#309 by joeshikspack
Fri Dec 05, 2014 6:02 pm
Matt Taibbi totally nails it. You really should click the link and read it all:

Nobody's willing to say it yet. But after Ferguson, and especially after the Eric Garner case that exploded in New York yesterday after yet another non-indictment following a minority death-in-custody, the police suddenly have a legitimacy problem in this country.

Law-enforcement resources are now distributed so unevenly, and justice is being administered with such brazen inconsistency, that people everywhere are going to start questioning the basic political authority of law enforcement. And they're mostly going to be right to do it, and when they do, it's going to create problems that will make the post-Ferguson unrest seem minor.

The Garner case was a perfect symbol of everything that's wrong with the proactive police tactics that are now baseline policy in most inner cities. ... But the psychic impact of these policies on the massive pool of everyone else in the target neighborhoods is a rising sense of being seriously pissed off.
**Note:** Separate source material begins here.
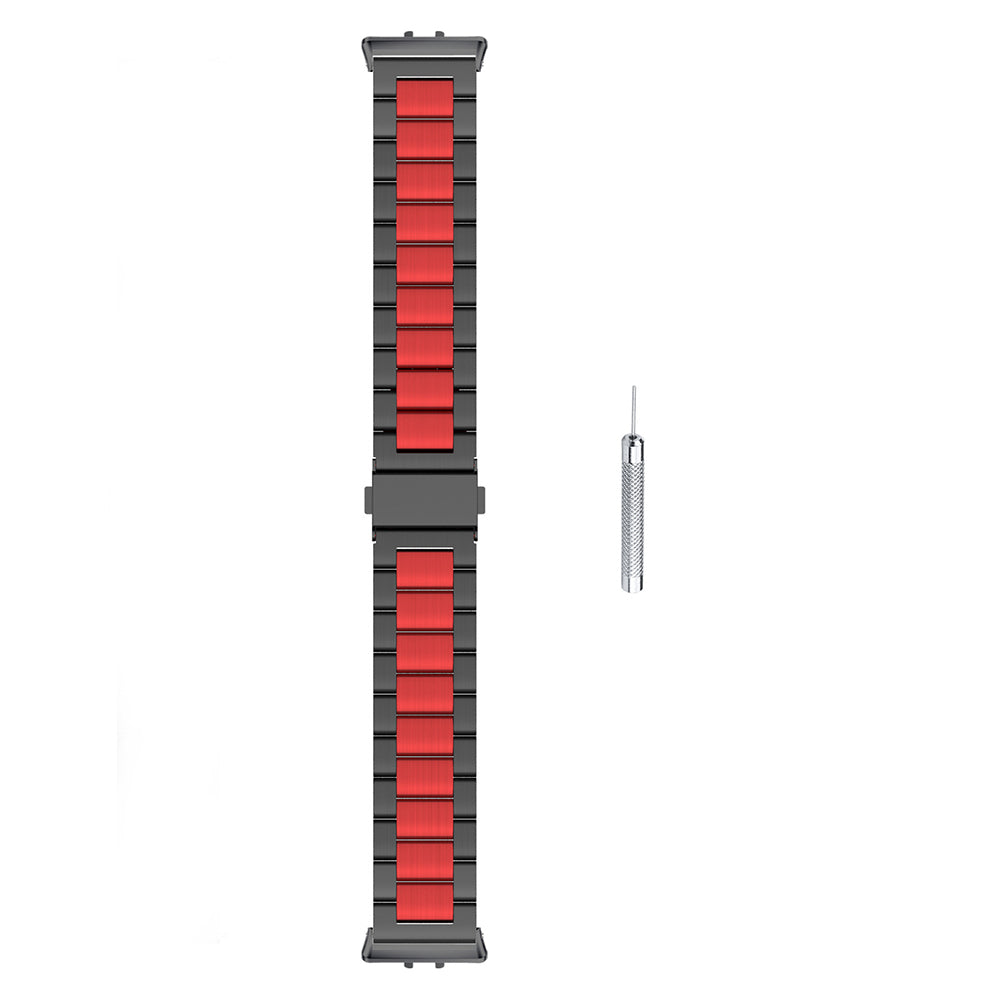 For Samsung Galaxy Fit3 Quick Release Watch Strap Stainless Steel Watchband - Black / Red / Black For Samsung Galaxy Fit3 Quick Release Watch Strap Stainless Steel Watchband - Black / Red / Black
They're tired of being manhandled and searched once a week or more for riding bikes the wrong way down the sidewalk (about 25,000 summonses a year here in New York), smoking in the wrong spot, selling loosies, or just "obstructing pedestrian traffic," a.k.a. walking while black.

This is exactly what you hear Eric Garner complaining about in the last moments of his life. "Every time you see me, you want to mess with me," he says. "It stops today!" ...[I]f Eric Garner had been selling naked credit default swaps instead of cigarettes – if in other words he'd set up a bookmaking operation in which passersby could bet on whether people made their home mortgage payments or companies paid off their bonds – the police by virtue of a federal law called the Commodity Futures Modernization Act would have been barred from even approaching him. ...

[Y]ou can't send hundreds of thousands of people to court every year on broken-taillight-type misdemeanors and expect people to sit still while yet another coroner-declared homicide goes unindicted. It just won't hold. If the law isn't the same everywhere, it's not legitimate. And in these neighborhoods, what we have doesn't come close to looking like one single set of laws anymore.

When that perception sinks in, it's not just going to be one Eric Garner deciding that listening to police orders "ends today." It's going to be everyone. And man, what a mess that's going to be.